Un general y un jefe, 16 oficiales, 114 individuos de tropa muertos, el brigadier Molina,


6 jefes, 75 oficiales y 849 individuos de tropa heridos, cuatro jefes, 18 oficiales y 179
soldados contusos, 263 individuos de tropa extraviados y cinco prisioneros, con un total
de 1542 bajas.

Entre los carlistas la sensación inicial de Dorregaray era buena. Había capturado 154
prisioneros y las pérdidas propias eran escasas. Probablemente podía haber aprovechado
la situación mucho mejor de la forma en la que lo hizo. Tal vez abrigó dudas respecto a la
verdadera capacidad de sus tropas tras la dura lucha o fue consciente la debilidad de su
caballería, pues carecería de “ojos” si se adentraba en la llanura alavesa, por lo que decidió
actuar de manera prudente y consolidar lo ganado, haciendo todo lo posible para reforzar
su ejército, especialmente en artillería moderna de la que andaba dramáticamente escaso.

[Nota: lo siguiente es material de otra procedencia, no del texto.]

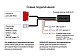 Incar CAN-RL03 Рулевой адаптер Renault/Lada/Nissan для Incar, SWAT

La otra versión, tal vez la que motivó su cese en octubre, le acusaba de haberse dejado
llevar por sus deseos de venganza, olvidando lo importante de aprovechar las jornadas
siguientes a la derrota liberal. Tal vez era consciente de su enorme debilidad.
No obstante, el triunfo en la batalla hizo afluir a los batallones carlistas a decenas de
voluntarios. Tan sólo un mes y medio después de la batalla el ahora poderoso ejército de
don Carlos tenía 44 batallones de infantería, 5 escuadrones y 1 regimiento completo de
caballería, más de 40 piezas de artillería moderna, así como ingenieros, telegrafistas,
sanidad militar y todo tipo de pertrechos.
A lo largo de los meses de julio y agosto las tropas carlistas del norte se asentaron
firmemente en Álava. Laguardia cayó a primeros de agosto y el bloqueo de Vitoria se
estrecho de forma angustiosa para las aisladas tropas del gobierno. En Navarra la línea del
Carrascal estaba firmemente en manos carlistas, lo que ponía en serios aprietos a Pamplona.
Las cosas no habían ido de la forma que quería el marqués del Duero y los carlistas del norte
carecían de fuerza para lanzarse a un ataque en profundidad mucho más allá de los
estrechos límites de las provincias y Navarra.
El conflicto produciría todavía grandes daños y pérdidas en ambos bandos. A la guerra
carlista le quedaba aún más de veinte meses de sufrimiento y brutalidad.